After we arrived in Prague nearly 5 months ago, it didn’t take long for a strange feeling to sink in. Czech friends greeted us at the airport, gifted us bottles of juice, Kofola (Czech cola) and Czech chocolates, drove us to Olomouc, and helped us unload our luggage into our temporary flat. When they left us to rest, we took in our new surroundings. Of the Czech art on the walls, one particularly large painting featured a dead pheasant on a table. We snacked on pizza they prepared for us, which happened to have corn on it as a topping, and we realized, we are not in Kansas anymore, Toto.
We are surrounded by the unfamiliar. Going from life in the suburbs, traveling everywhere in my air conditioned car with my iced coffee to go, to learning to use public transit, has been a big change. We consistently missed trams and busses, were on the wrong side of the road for our bus stop, and accidently rode a bus to a small village late one night when we were just trying to get home. Even walking on the cobblestone seemed like an invitation to roll my ankle.

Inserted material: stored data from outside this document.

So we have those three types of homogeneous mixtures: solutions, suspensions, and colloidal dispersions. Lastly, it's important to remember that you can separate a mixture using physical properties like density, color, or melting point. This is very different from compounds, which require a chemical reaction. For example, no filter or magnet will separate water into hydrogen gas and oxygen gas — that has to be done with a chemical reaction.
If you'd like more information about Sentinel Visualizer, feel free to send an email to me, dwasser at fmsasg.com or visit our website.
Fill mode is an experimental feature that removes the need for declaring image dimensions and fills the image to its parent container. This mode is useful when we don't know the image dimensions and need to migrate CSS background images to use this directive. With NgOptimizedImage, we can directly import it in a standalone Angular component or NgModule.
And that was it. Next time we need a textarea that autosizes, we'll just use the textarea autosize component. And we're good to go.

Tasks that could be easily taken care of in the States have become major ordeals… we are incredibly grateful for all of our helpers.
Getting groceries for the first time (and many times after that) was a lot of work. It took several weeks to successfully identify and buy sour cream. While struggling to navigate our visa paperwork, we learned that even the paper size here is different. I remember well, the feeling of panic when someone turned to me and started speaking Czech!

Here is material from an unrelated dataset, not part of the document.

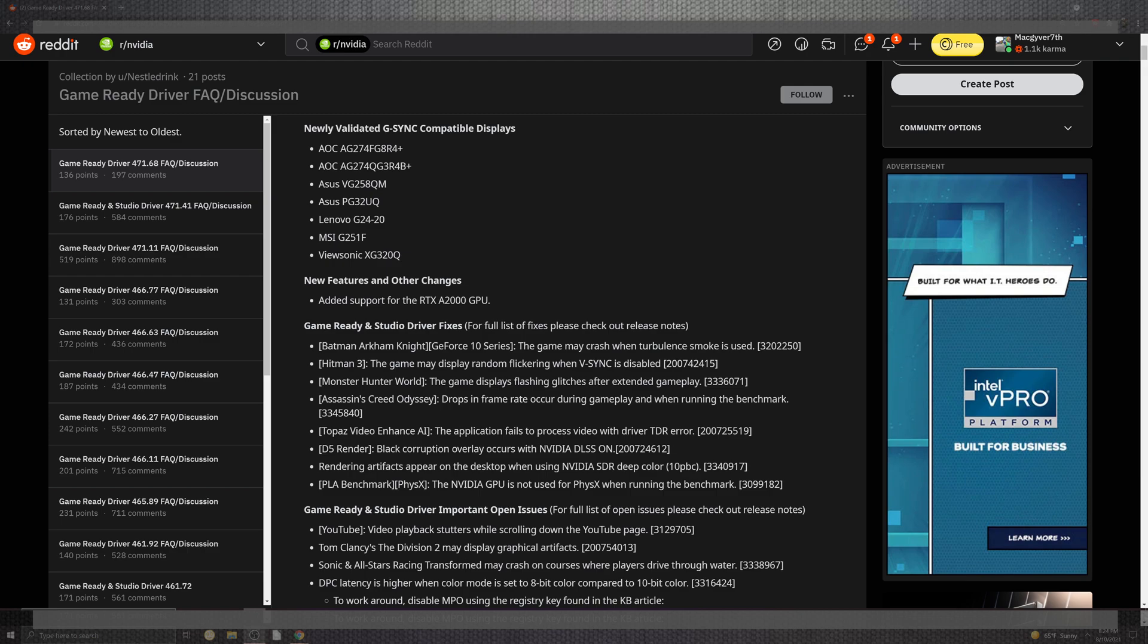Batman Arkham Knight finally gets down to the smoke when it's crashing. Hitman comes down to the random flickers inside of V-Sync. Monster Hunter World and the glitches in the extension of gameplay. Assassin's Creed Odyssey, drops in framerates inside the gameplay and running inside of benchmarks. Also, you have the AI enhance for Topaz, and the TDR error. On top of the D5 rendering inside of the black corruption overlays, and the DLSS artifacting portion for the desktop when the SDR deep coloring. For the 3DMark benchmark inside of physics, the NVIDIA GPU is not utilized inside of physics when running benchmarks.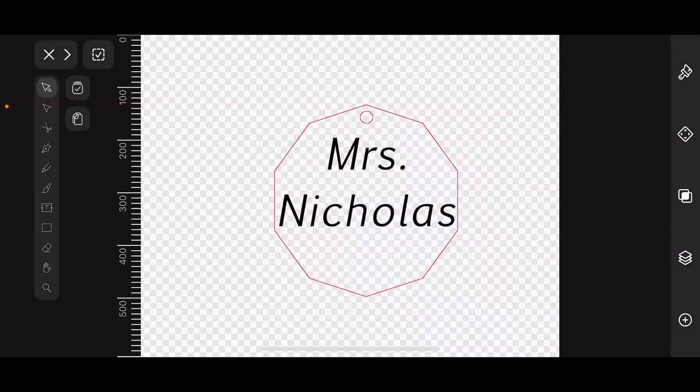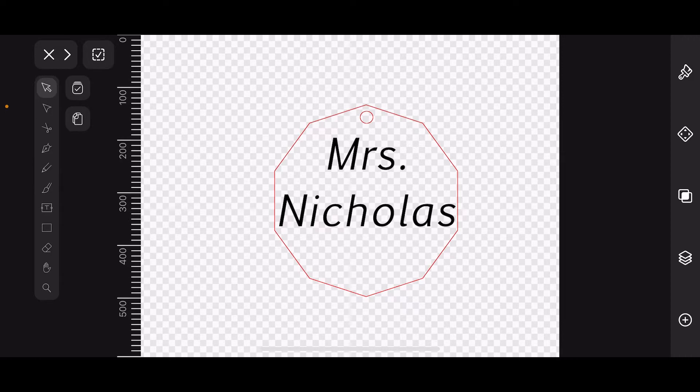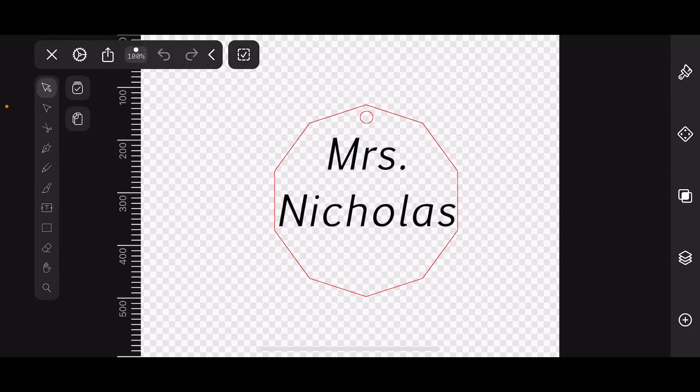Once you're done with your keychain design, the way that you need to get it over to me is by airdropping it. In the upper left hand corner there is the X, so tap on it once and you'll see it extend out, and then you're going to tap on the share button which is the rectangle with the up arrow.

Tasks that could be easily taken care of in the States have become major ordeals. The process of acculturation definitely takes a toll, and because of these challenges, we are incredibly grateful for all of our helpers. Here are a few of the people who have been helping us through this first five months.
Of course at the top of our list are Jared and Daniela Kenning. They have been supportive with both our practical and emotional needs. Jared helped us navigate getting inspections on the car we purchased. And Daniela was a superstar when it came to getting Zack’s NORD out of customs and saved us over $1,500 on import taxes and fees. Jared took us to the foreign police to register and they both helped us fill out our visa applications.
Rachel was a soldier for us, especially the first few weeks after we arrived, helping us get transportation passes, a phone plan, a Czech bank account (it took visits to three different banks), and insurance for our flat. Not easy tasks for foreigners!
Geri and Dave Fuehring are American missionaries who were moving out of the Czech Republic as we were moving in. We are now in the apartment they were renting. They helped us better navigate the public transit, showed me where to buy laundry detergent at the grocery store, showed us the good local bakery, and where to buy espresso and coffee beans (an absolute necessity to survival)!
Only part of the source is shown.